DATASET ENTRIES -
*** Begin section ***

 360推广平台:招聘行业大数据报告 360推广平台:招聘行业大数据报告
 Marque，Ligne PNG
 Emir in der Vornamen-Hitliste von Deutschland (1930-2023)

*** End section ***
*** Begin section ***

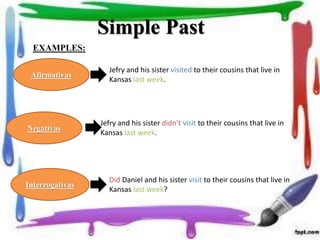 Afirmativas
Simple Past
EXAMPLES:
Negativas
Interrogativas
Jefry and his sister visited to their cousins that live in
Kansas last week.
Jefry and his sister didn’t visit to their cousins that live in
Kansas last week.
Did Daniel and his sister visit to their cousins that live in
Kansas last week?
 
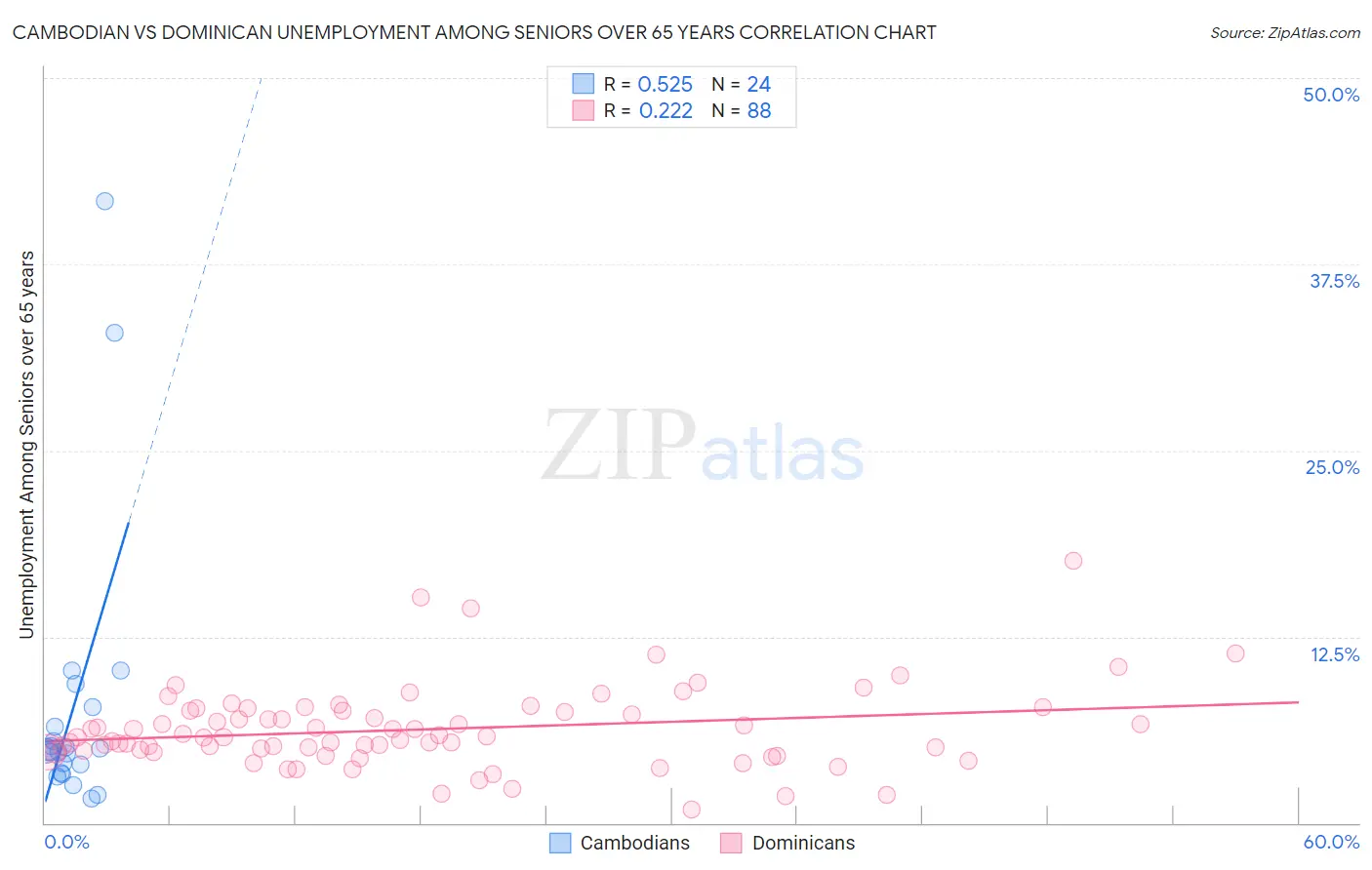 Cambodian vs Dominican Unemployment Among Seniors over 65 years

*** End section ***

TASK DIRECTIONS - In the data above, find each line where the string "their" appears, then copy it.

RESULT OF THE EXERCISE -
Jefry and his sister visited to their cousins that live in
Jefry and his sister didn’t visit to their cousins that live in
Did Daniel and his sister visit to their cousins that live in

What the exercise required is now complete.